### Aim of the task:
Exactly and only the lines below from the one containing "-日照大牌檔•小船海鲜(万平口店)" down to the one containing "Image pink rose in bloom during daytime" are wanted, both included; please exclude every picture.

### Data section:
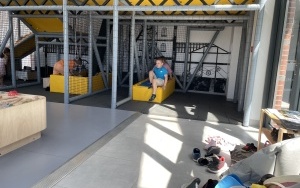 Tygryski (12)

---

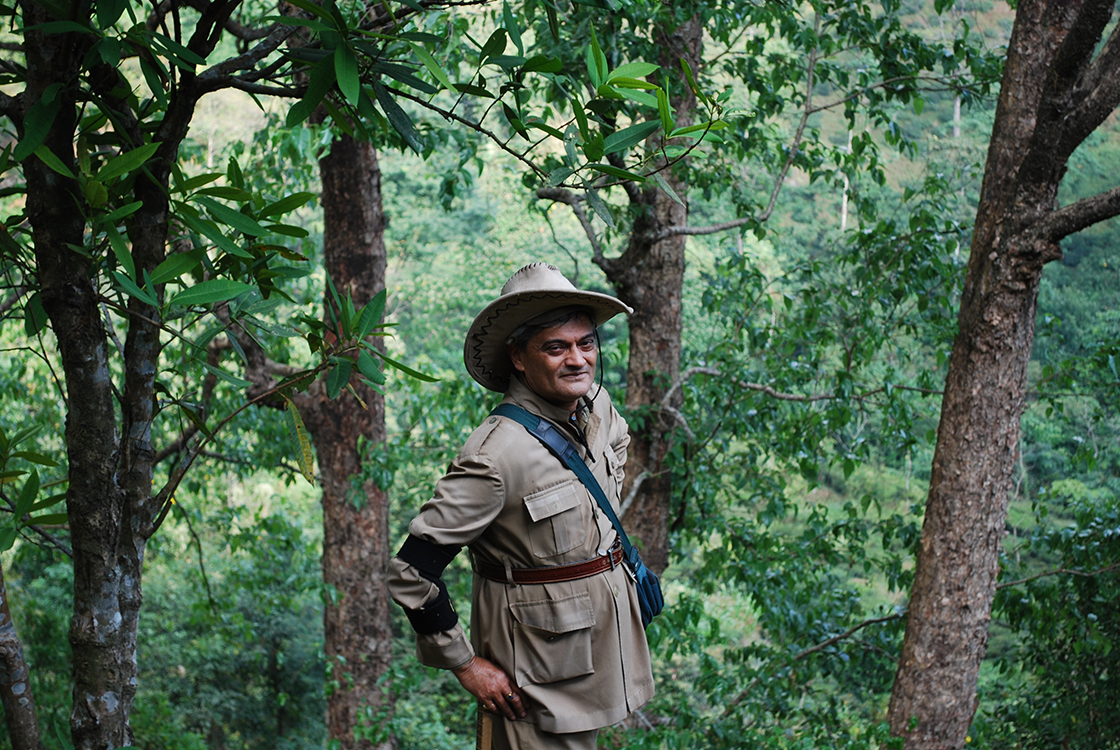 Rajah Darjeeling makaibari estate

* * *

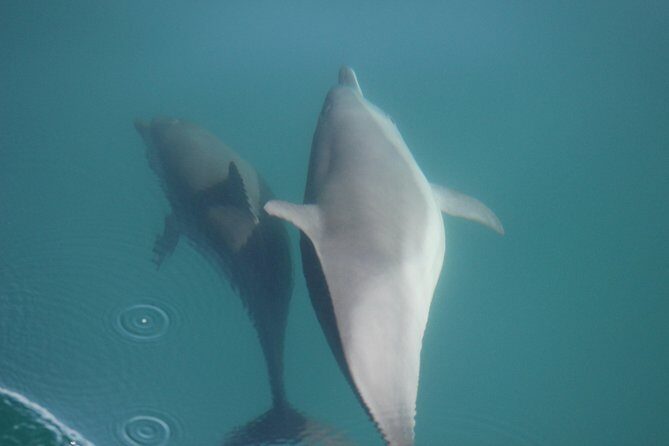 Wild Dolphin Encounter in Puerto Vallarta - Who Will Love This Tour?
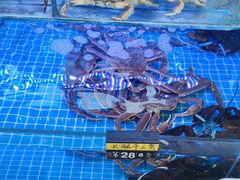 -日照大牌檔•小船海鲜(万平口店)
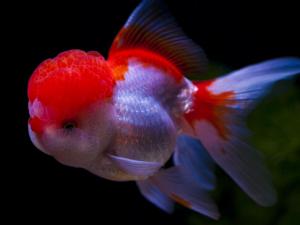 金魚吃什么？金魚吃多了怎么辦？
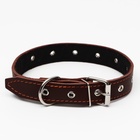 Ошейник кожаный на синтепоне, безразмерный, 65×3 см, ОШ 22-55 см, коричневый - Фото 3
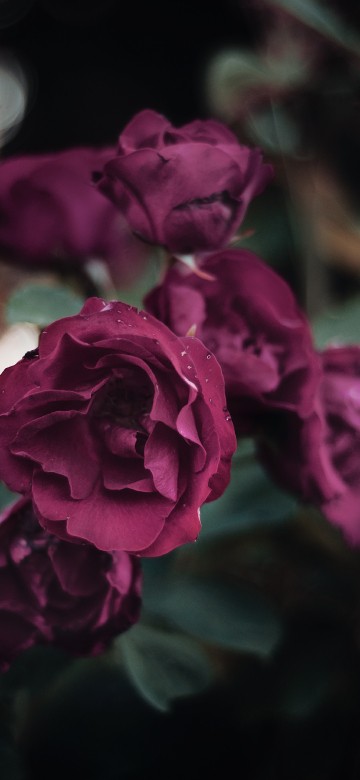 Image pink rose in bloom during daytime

### Exercise output:
 -日照大牌檔•小船海鲜(万平口店)
 金魚吃什么？金魚吃多了怎么辦？
 Ошейник кожаный на синтепоне, безразмерный, 65×3 см, ОШ 22-55 см, коричневый - Фото 3
 Image pink rose in bloom during daytime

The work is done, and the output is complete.